_The problem_
This task asks for the lines from the one with "Mörkblå pikétröja i" to the final line below, repeated exactly, with pictures omitted.

_Data provided_
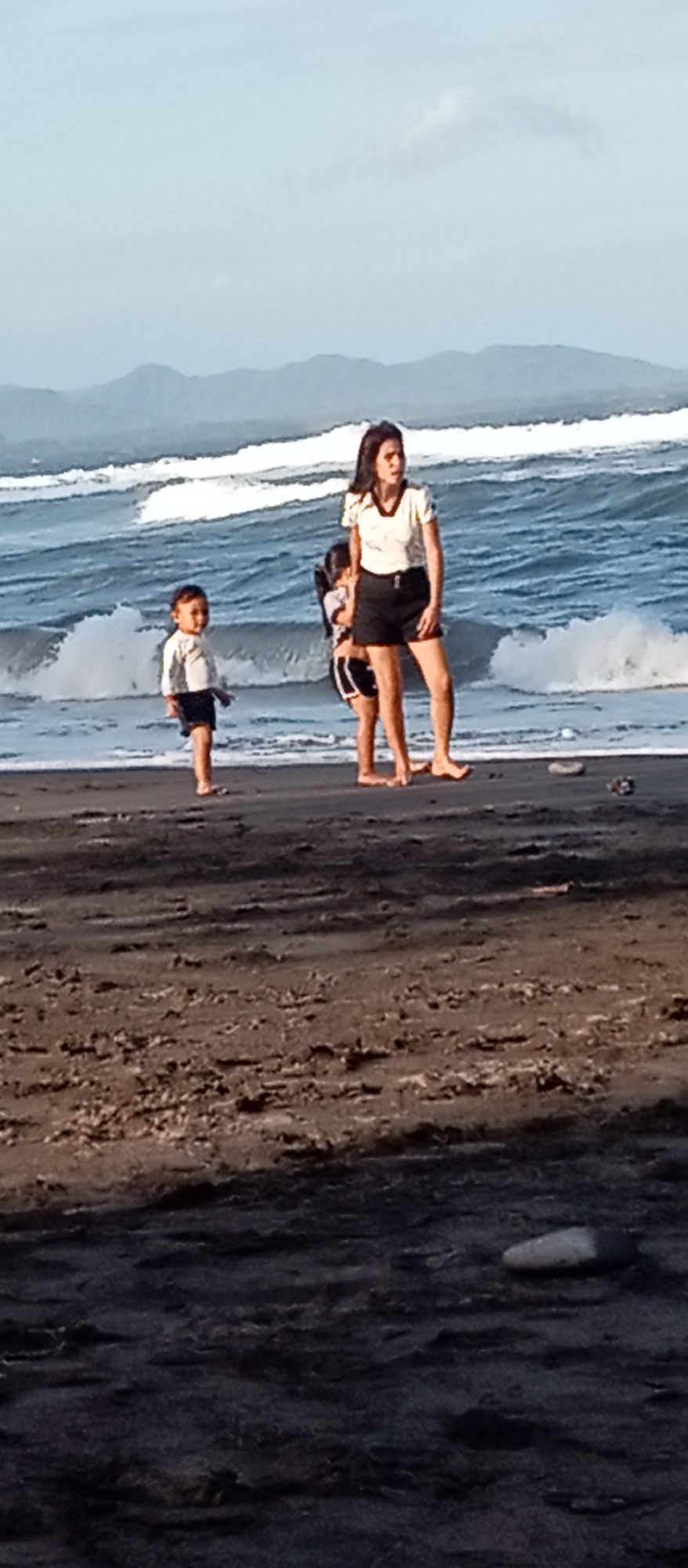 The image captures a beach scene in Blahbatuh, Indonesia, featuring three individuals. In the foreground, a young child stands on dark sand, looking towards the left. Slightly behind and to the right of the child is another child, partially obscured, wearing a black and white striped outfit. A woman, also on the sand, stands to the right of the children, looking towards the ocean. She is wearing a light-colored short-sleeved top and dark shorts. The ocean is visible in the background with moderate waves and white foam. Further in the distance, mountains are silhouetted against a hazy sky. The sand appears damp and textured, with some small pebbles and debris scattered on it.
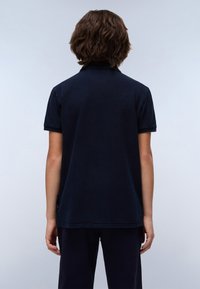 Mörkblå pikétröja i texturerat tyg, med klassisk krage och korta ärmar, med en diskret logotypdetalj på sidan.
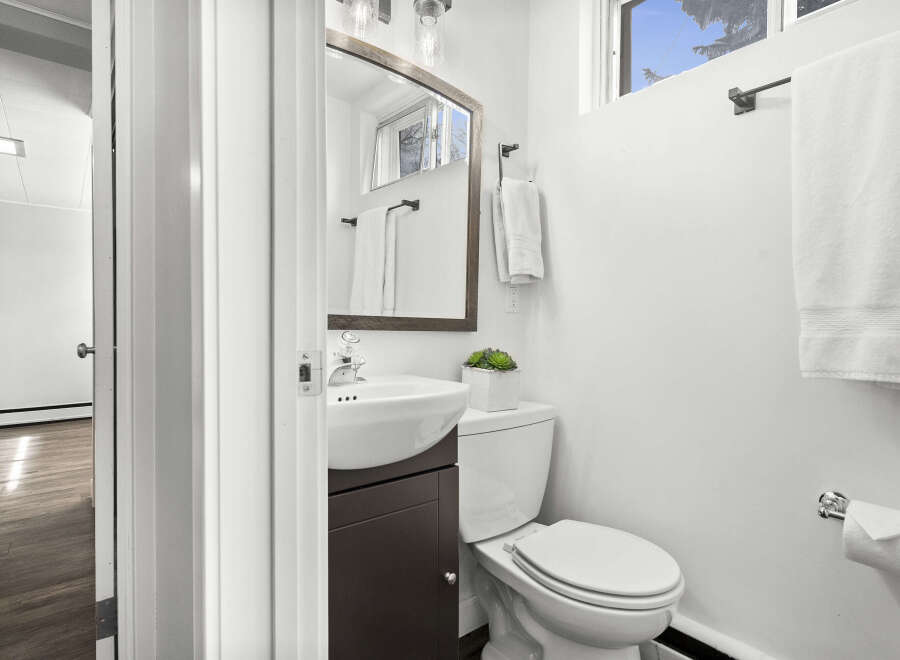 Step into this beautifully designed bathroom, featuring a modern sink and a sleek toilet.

_Result of this task_
 Mörkblå pikétröja i texturerat tyg, med klassisk krage och korta ärmar, med en diskret logotypdetalj på sidan.
 Step into this beautifully designed bathroom, featuring a modern sink and a sleek toilet.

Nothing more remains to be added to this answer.